Segment Open

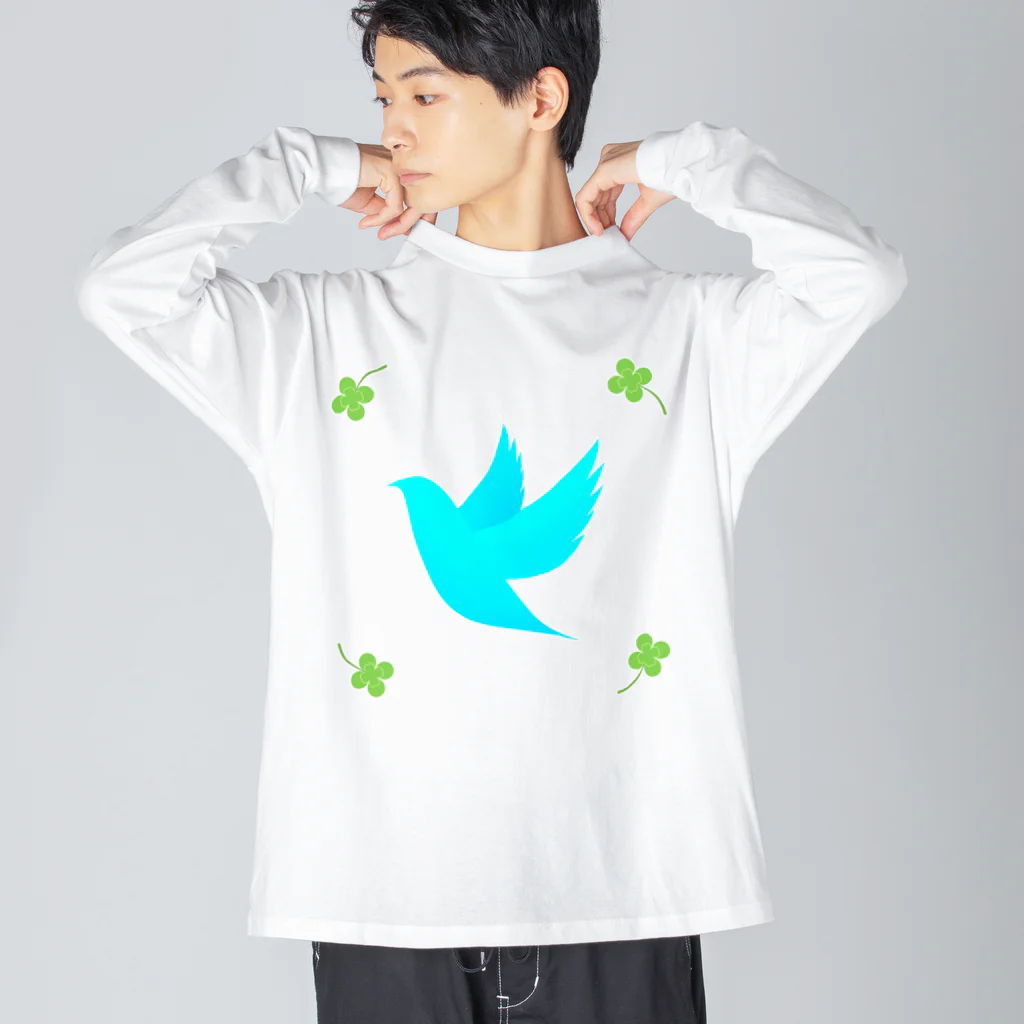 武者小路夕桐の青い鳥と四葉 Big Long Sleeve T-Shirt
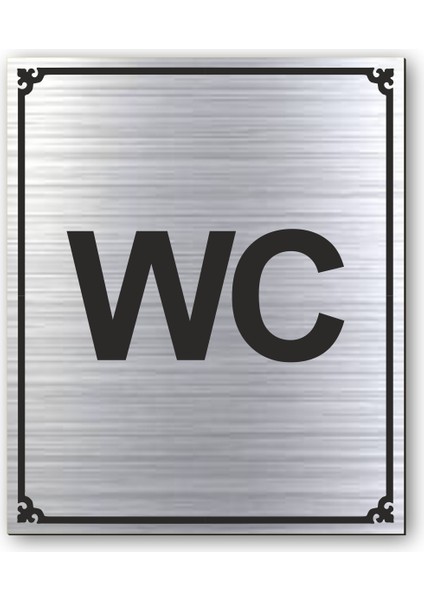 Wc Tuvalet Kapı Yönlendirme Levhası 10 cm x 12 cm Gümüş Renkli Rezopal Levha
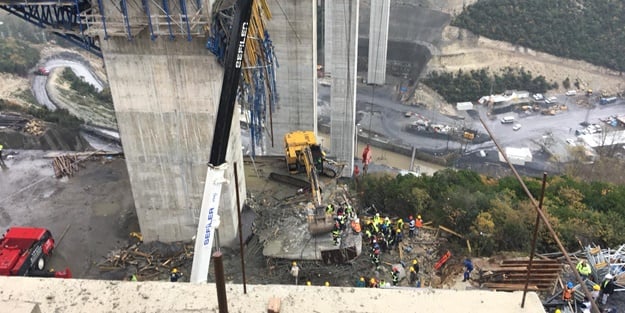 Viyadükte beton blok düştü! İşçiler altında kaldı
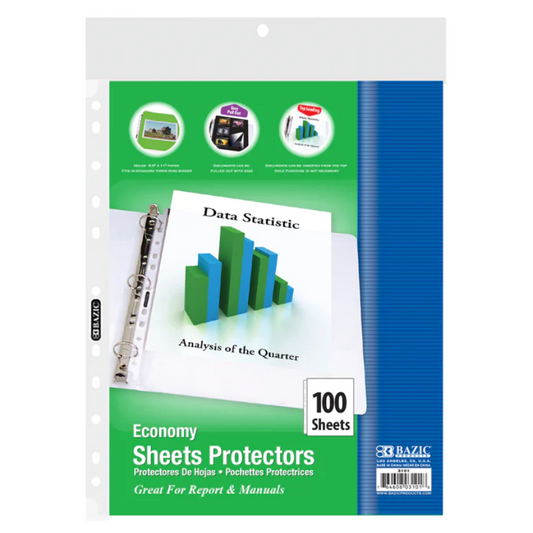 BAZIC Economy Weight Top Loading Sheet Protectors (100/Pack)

Segment Closed

Assignment - Only the pictures are to be left out; print everything else in the listing exactly.

Answer to the exercise -
 武者小路夕桐の青い鳥と四葉 Big Long Sleeve T-Shirt
 Wc Tuvalet Kapı Yönlendirme Levhası 10 cm x 12 cm Gümüş Renkli Rezopal Levha
 Viyadükte beton blok düştü! İşçiler altında kaldı
 BAZIC Economy Weight Top Loading Sheet Protectors (100/Pack)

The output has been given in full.